D.R. Horton calls them "flags," and it doesn't take a leap of the imagination to get why. Drive new neighborhoods almost anywhere in our 2017 Builder of the Year D.R. Horton's 39 operating divisions in 78 markets in 26 operating states, and you will be struck by those 21-foot by 3-and-a-half foot banners. Bold and resilient flags in American red, white, and blue, flap crisply in the breeze, beckoning one and all to a dream come true, to a new home community.

Many think the basic measurable unit of home building in the United States is the square foot. We'd argue, rather, that home building's most essential building block--what makes new residential construction vastly different from any other form of real estate--is the project, the subdivision, the neighborhood where there was none, the new community.

A new neighborhood, after all, is literally a microcosm of America's self-invention process, starting with a place that's "no where" to most people, and evolving it into what the nation is striving to become, a pulsing, dynamic, living place inhabited by people who care exactly where they are as they care for one another.

A new neighborhood, too, is a business blend. It's part ancestral practice and procedure, handed down from skilled builders through scores of years, eras, and generations, and, equally, part start-up enterprise. Each project, subdivision, and community--what D.R. Horton calls its flags, and what other builders refer to as stores--after all, is a business whose very existence starts when a land deal is done and a land plan gets its green light from a local planning board, and a bulldozer starts to move dirt.

Each new community is an entire business--beginning, middle, and end--with finance, manufacturing, marketing, sales, retailing, product design, sourcing, engineering, and politics each playing a critical role in the going concern.
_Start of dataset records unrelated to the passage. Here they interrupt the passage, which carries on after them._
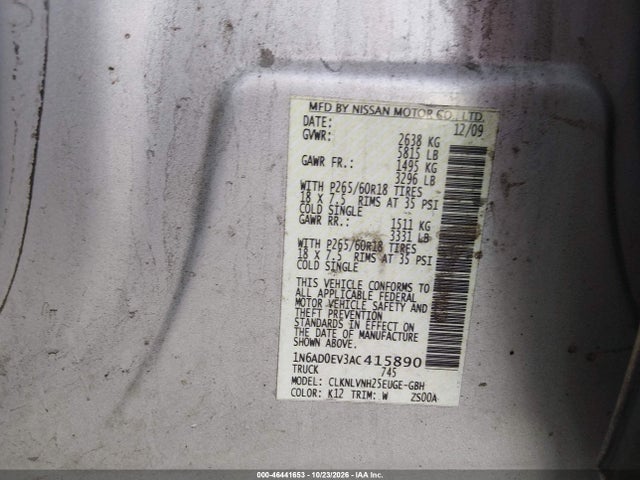 Aukcja sprzedaży 2010 Nissan Frontier Le, vin: 1N6AD0EV3AC415890, numer aukcji: 46441653
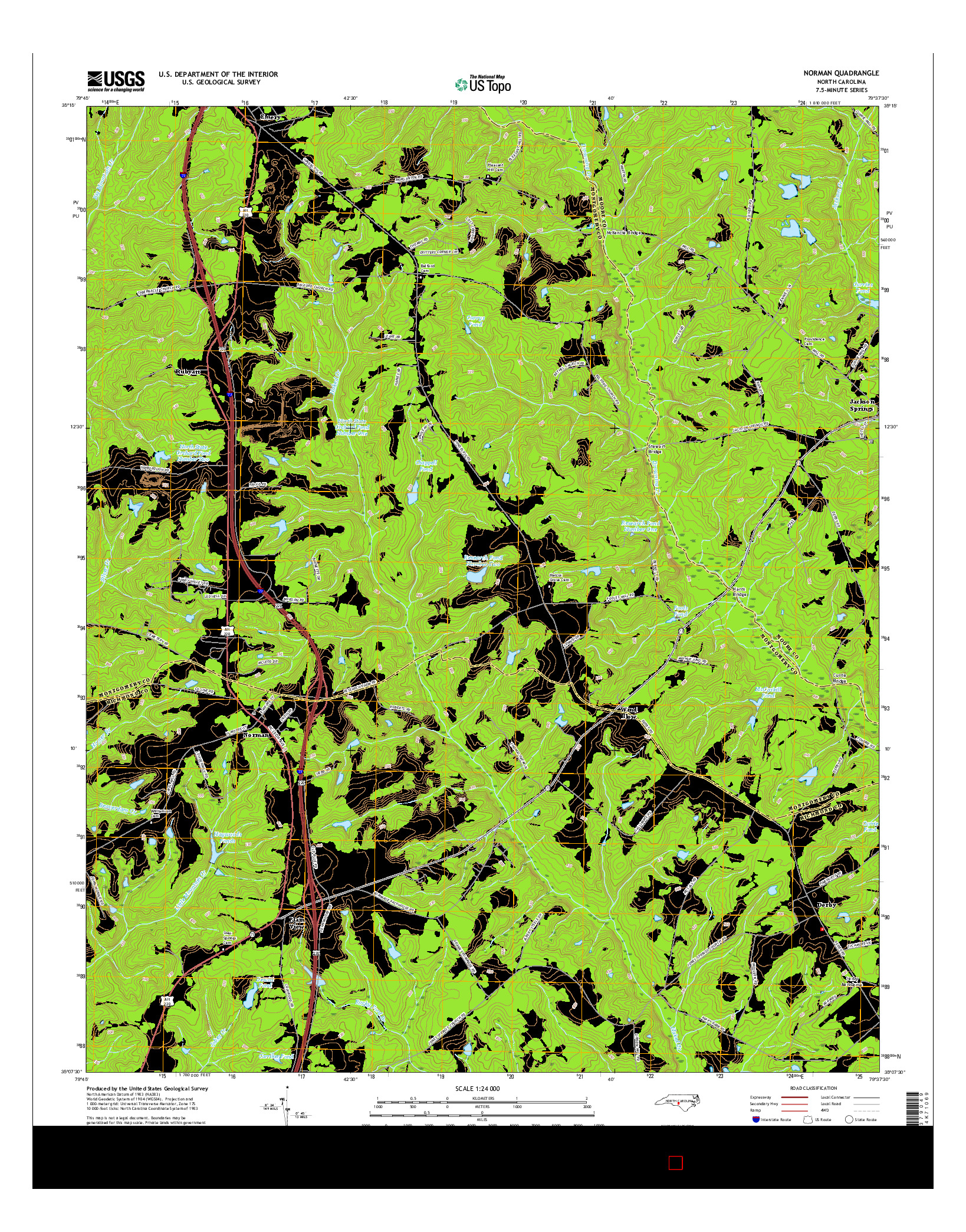 USGS US TOPO 7.5-MINUTE MAP FOR NORMAN, NC 2016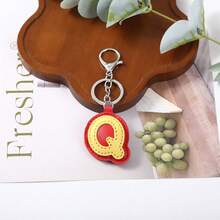 1pc Back To School Daily Dopamine Dual-Color PU Leather Letter Keychain, Full 26 Letters Lobster Clasp Backpack Pendant - Multicolor - View 17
The fact that home builders have gotten so good at driving value from the first capital investment in the parcel through the sell-out of the last units and model homes in those new communities testifies to an encouraging future for the business community as a whole.

To excel and to thrive profitably at both challenges--the ancestral disciplines of home construction at widely varying volumes, and the new-economy disciplines of marketing, big data, automation, machine learning, technological production techniques, etc. of new entrepreneurial initiatives behind each new community--create the builders' dilemma.

In 2016, Builder 100 and Next 100 companies delivered 296,981 new homes to buyers, thanks to about 76,000 associates working at those 200 organizations. That accomplishment comes even clearer when we compare last year with our 2015 crop of top 200 companies. Year-on-year, a mere 2.7% increase in associates from 2015 to 2016 yielded an almost 17% gain in home deliveries. In absolute numbers, that means adding 2,000 employees to the top 200 companies' ranks correlated with almost 43,000 more new homes sold and settled in the 12-months from Jan. 1 to Dec. 31, 2016.

This means two things. One is that home builders--big ones as well as smaller more bespoke firms building in America--are, in fact, good at what they do. The other is that the mere fact of being good at this business right now constitutes a risk, not only of not thriving, but of oblivion in the near, three to five year future.

The dilemma is exactly this. If the people and processes in home building are producing such solid, measurably improving results right now, even with adversity, challenges, and headwinds, why question the model? Why mess with a proven, multi-cycle validated set of business principles and practices?

Two possible answers to that fair question. One is that technology is leaving builders behind, because current operational effectiveness protects the past at the expense of trying what will be best for tomorrow. The other is that builders are leaving more and more of their potential customers behind because builders can't use technology, data, automation, materials science, and capital to broaden the pool of potential home buyers at the lower end of the price spectrum, because builders are too encumbered by local land use and local code and local permitting fees to offer new home communities for close to what lower-end resales might go for in the same locality.

Does anyone think that the two trends--technology leaving builders behind and builders leaving greater and greater numbers of American households behind--are related? We do. It's what we mean when we say builders' dilemma. Today's success could fatally impact tomorrow's viability, if today's success affirms only "the way we've always done it," and not "how we ought to be trying it."

The challenge for builders right now is to to use this part of this housing recovery to get to the next one. For D.R. Horton, the answer is in those flags, those stakes in the ground where the enterprise's 7,000 associates start up new companies with each new neighborhood, and manage it with mastery, autonomy, and purpose. The answer is blowing in the wind.